Adam Bump, a furbearer specialist for the Michigan DNR, said in a report by The Port Huron Times Herald he’s convinced the cat is a Canada lynx based on a few noticeable physical attributes..

“Generally, lynx appear to have longer legs, much bigger feet, and longer ear tuffs than bobcats,” Bump told Times Herald. “Also, while both species have a black-tipped tail, lynx have black all the way around the tip while bobcats have a white line on the underside of the tip of their tail.”

Hunter’s mom, Monique Soper, told reporters “my husband (Steve Soper) has hunted countless hours on our property and he has never seen anything like that.”

Unsurprising, as lynx (assuming that’s what we’re dealing with here) tend to live the life of a wanderer. Searching for food and shelter, but never really settling on one permanent place to call ‘home.’

Jim Zalenak, species lead for Canada lynx for the U.S. Fish and Wildlife Service, describes them as “highly nomadic.” “You’ll find lynx where their next meal is, with snowshoe hares being a main staple, he continued.”

In the year 2000, lynx were classified as a federally protected species due in large part to trapping and habitat change brought on by timber harvests. However, Zalenak said their threatened species status is now being considered for change because environmental regulations helped preserve lynx habitat.

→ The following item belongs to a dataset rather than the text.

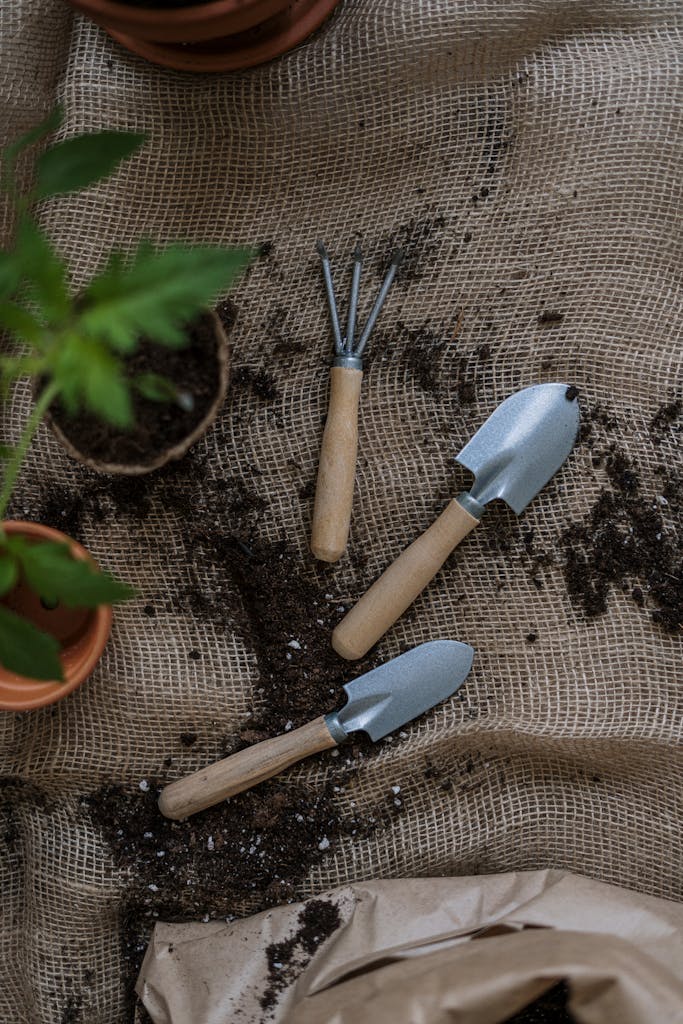 Gardening tools with potted plants and soil on burlap, perfect for home gardening themes.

Terry McFadden, the Michigan DNR wildlife division field operations manager for the southeast region, says bobcats DO in fact roam the area, but you’re best chances for spotting them is in the northern regions of the state and out west.

“They like swamp edges, they like upland forest,” McFadden said.

So, it sounds like the verdict is still technically out on this one, but experts seem to be leaning more in favor of this being a rare Michigan lynx sighting. Pretty neat!